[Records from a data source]

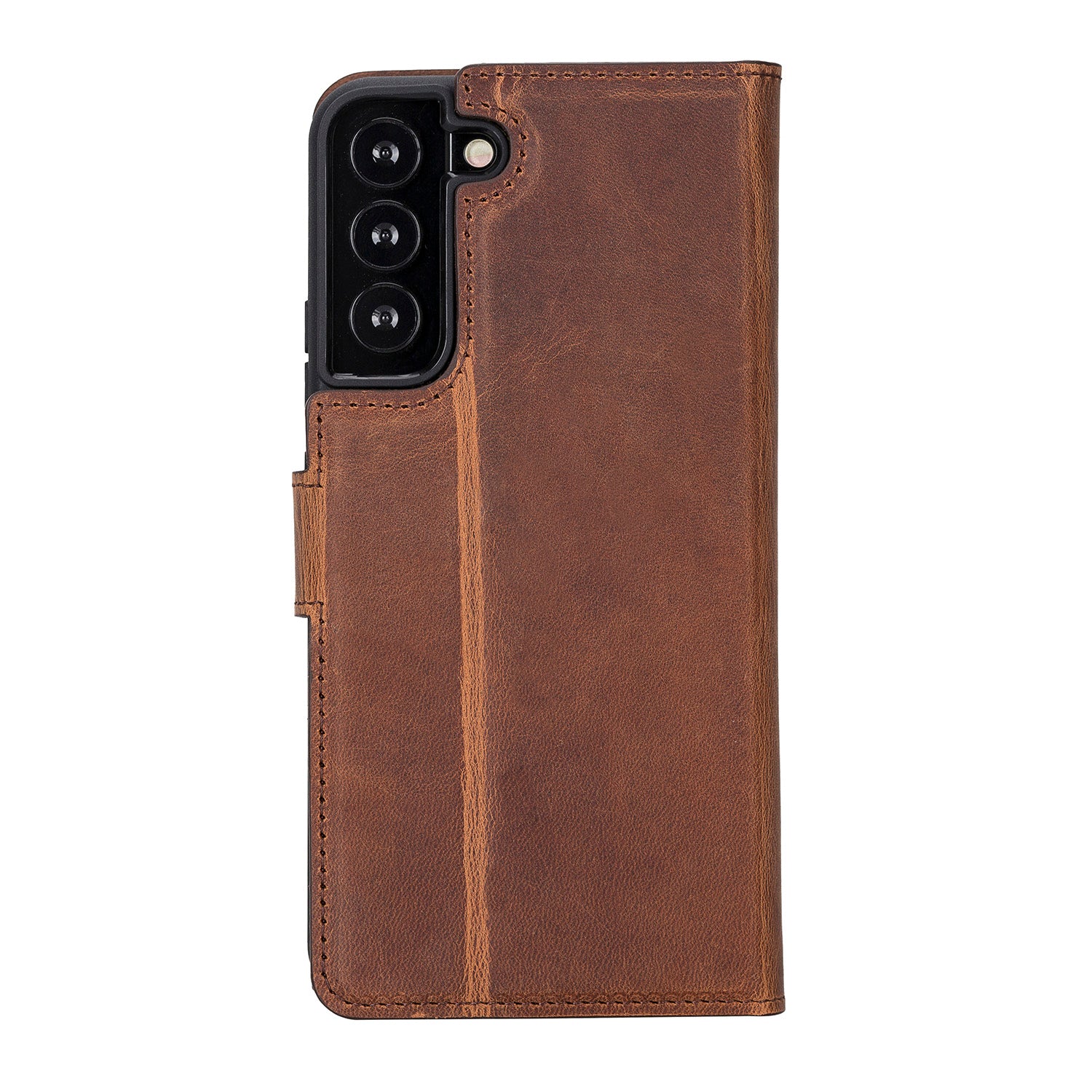 Magic Magnetic Detachable Leather RFID Blocker Wallet Case for Samsung Galaxy S22 (6.1") - BROWN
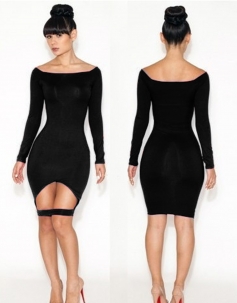 Black Long Sleeve Sexy party bodycon Backless Dress
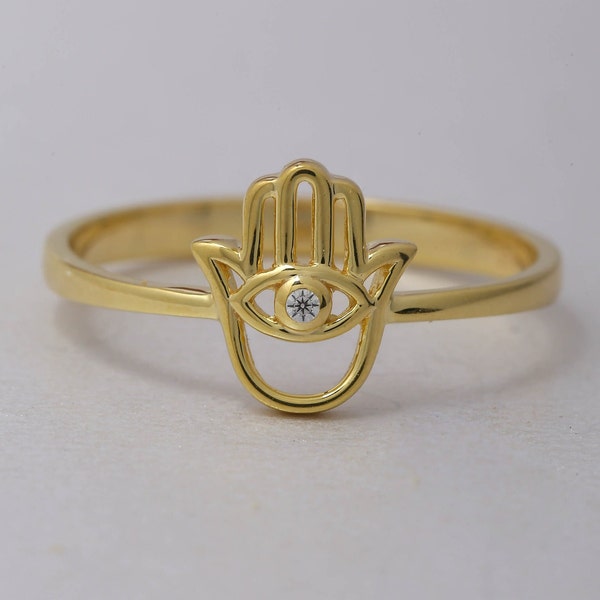 14K Solid Gold Hamsa Ring, Sterling Silver Hamsa Ring, Fatima Hand Ring, Graduation Gift, Confirmation Gift, Christmas Gift, Gift for Her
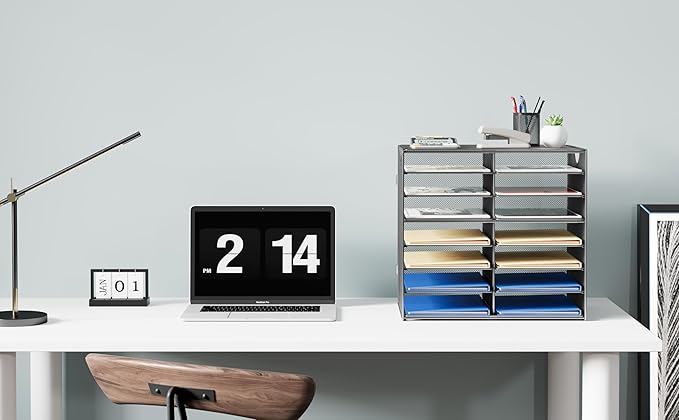 EasyPAG 14-Slot Mesh Desk File Organizer with Handle, Metal Frame Paper Tray for Classroom/Office/Home - Easy Assembly, Durable Tiered Sorter & A4/Letter Size, Silver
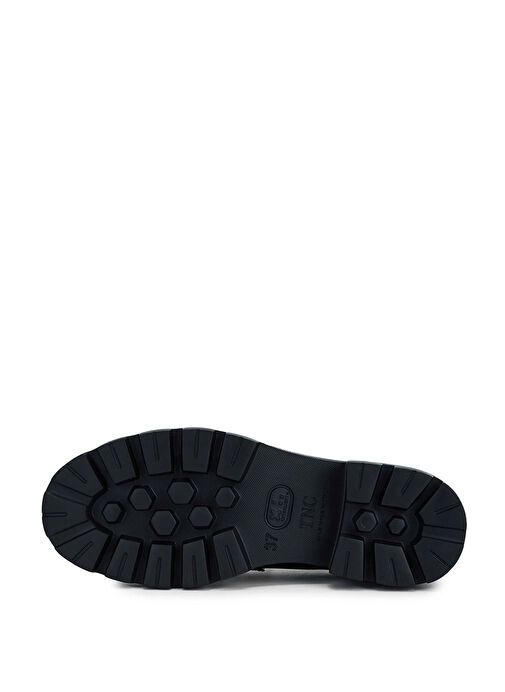 Tamer Tanca Kadın Hakiki Deri Siyah Rugan Loafer Ayakkabı - Görsel 7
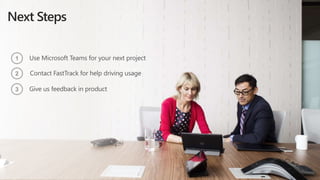 Next Steps
Use Microsoft Teams for your next project
Contact FastTrack for help driving usage
Give us feedback in product
1
2
3
 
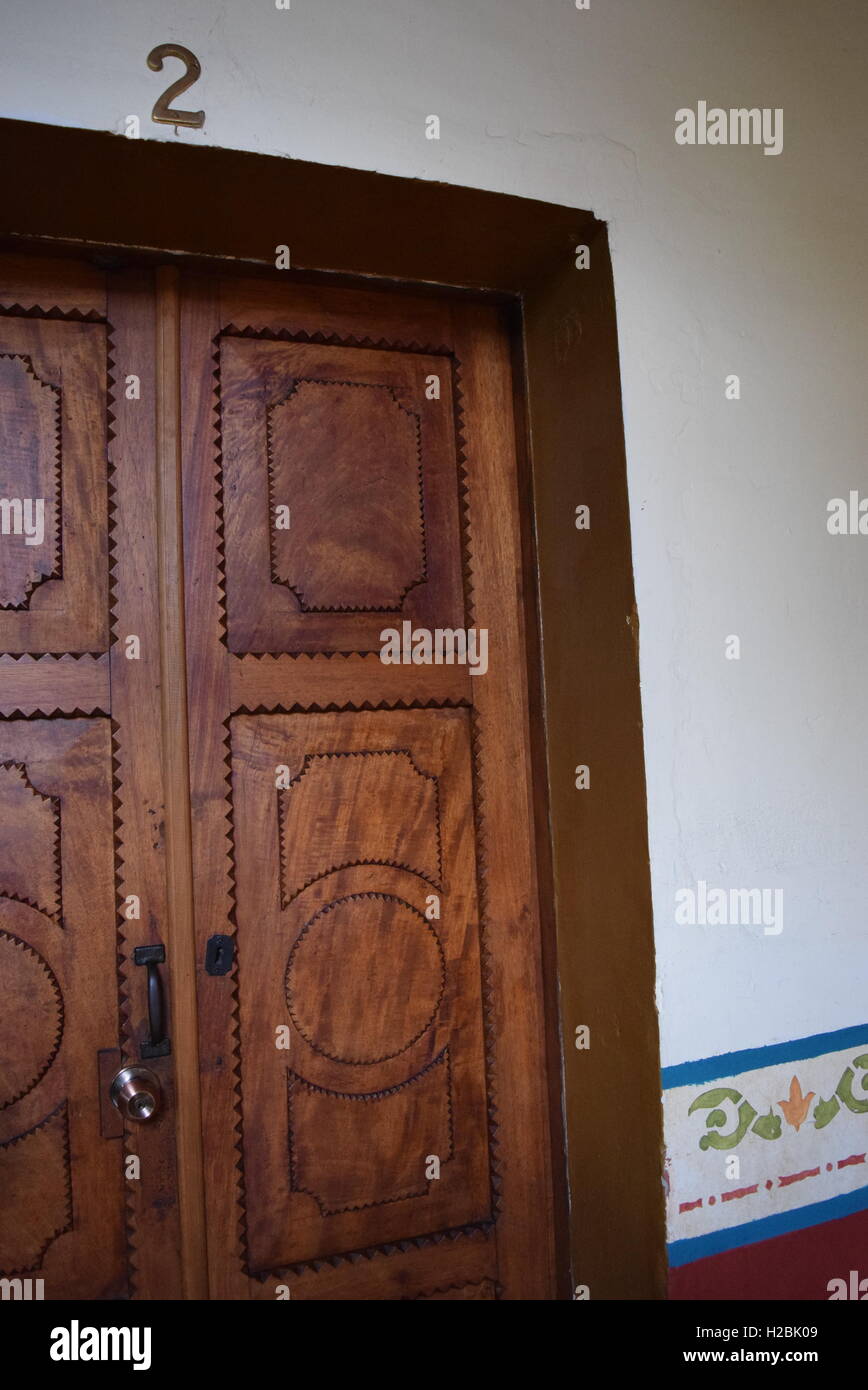 Part of the door of the room number 2 at a hotel in Antigua Guatemala Stock Photo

• [Problem to work on] Quote, word for word and nothing more, every line from the line with "Use Microsoft Teams for your next project" to the end of the entries, including both ends; skip any pictures.

• [Answer for the task]
Use Microsoft Teams for your next project
Contact FastTrack for help driving usage
Give us feedback in product
1
2
3
 
 Part of the door of the room number 2 at a hotel in Antigua Guatemala Stock Photo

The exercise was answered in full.